Sunday, January 30, 2011

Painfully funny

In the spring of 2002, Stirling was a high school baseball coach. Through a fluke of fate, he ended up on the receiving end of a hard hit fast ball while pitching batting practice. This column recounts our time in the ER and my attempt to bring humor to the situation.

For the past few weeks, our family has been dealing with everything from stomach flu to walking pneumonia. Just as one bug finishes its dirty work, another one stops by to wreak havoc.

It has not been a pretty sight, but it has been interesting.

Every year just before cold and flu season, an uber-organized friend of mine has what she calls a sick drill. Similar to a fire drill, a sick drill is designed to help prepare the family for the worst a contagion has to offer.

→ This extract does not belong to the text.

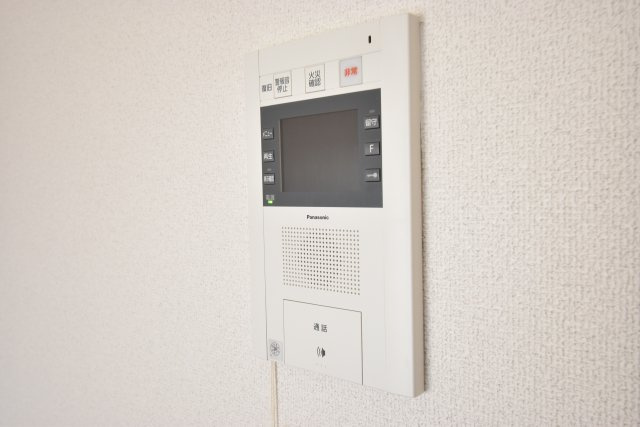 モンテノーム南堀江のセキュリティ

Mom puts a bucket at each child's bedside and a moment or two later calls out,"1-2-3-PUKE."

The first time she tried this, her daughter managed to get it right, while her son, in an attempt to defy gravity,  put the bucket over his head.

As the matriarch of a household inhabited by three members of the male species, I find this situation humorously typical.

My husband thinks I'm obnoxious.

What he doesn't seem to appreciate is my sense of humor is what keeps me sane.

Because we are as different as night and day, there is never a dull moment in our household. He takes everything very seriously while I snicker and laugh my way through the trials and tribulations called life.

This arrangement was tested to the extreme last spring.

As an almost half-century old high school baseball coach, my husband insists on pitching batting practice to players at least one-third his age.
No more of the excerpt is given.